By adding oils barrier creams may be adapted to seasonally required higher lipid contents. Barrier creams with high oil content will be applied on low fat skin, and in combination with moisturizing substances (NMF) also on low fat and dry skin. On the other hand, a minimum content of oil or even a light or short-chain oil is used on oily skin. The base oil frequently is a medium-chain neutral oil (MCT) or caprylic/triglyceride which can easily be replaced by other oils such as olive oil.
Due to the skin-like composition barrier creams are still able to assimilate aqueous and oily substances; this corresponds with the analogous behavior of the skin.
Specific manufacturing process
The manufacturing process of barrier creams completely differs from the normal emulsifying process. The manufacturing involves several steps of high-pressure homogenization of the components. This process results in a characteristic leaf-shaped membrane structure which, on close examination with the regular microscope appears more or less without any structure and significant details can only be detected by means of freeze fracturing and the following use of the electron microscope.

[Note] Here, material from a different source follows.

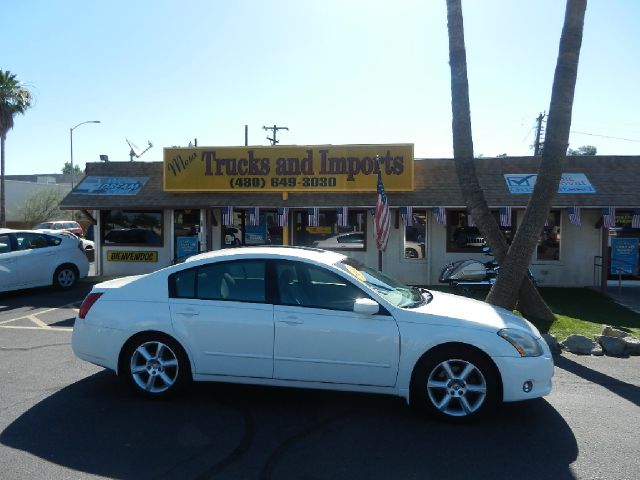 2005 Nissan Maxima SE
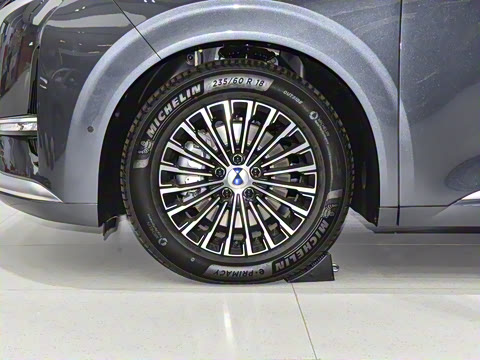 2025�� EV �Ǽݰ� 600 ���������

Products with distinct lamellar structures which can already be seen with the help of transmitted light under the regular microscope have absolutely nothing in common with the membranes of barrier creams. These are just streak-like structures which can also be observed in stearate containing O/W emulsions. The INCI list will provide the respective information here.
Matching deco products
If barrier creams are applied in combination with makeup products, it is recommended that they are compatible and have a similar structure. In this case, the lipid content of barrier creams will be increased in order to improve the receptivity for pigments whereas on the other hand, the creams are still kept free of mineral oils and paraffins in order to allow the skin regeneration process below the makeup layer. The fascinating idea behind this specific system is to treat particular problem areas such as bad skin with the help of liposomes for example, to apply a protective cream and in addition to that to achieve the desired optical effects with the makeup finish. If needed, also a powder based on the same principles may be applied.
Membrane containing barrier creams are increasingly used in corneotherapeutic and dermatological treatments against barrier and cornification disorders. Active agents are, among others, amides like palmitamide MEA, stearamide MEA, urea and allantoin. These substances have antipruritic and some of them also anti-inflammatory effects. Palmitamide MEA can be naturally found in the epidermis. For cosmetic applications there are also slightly modified barrier creams like cleansing creams and cream masks on the market.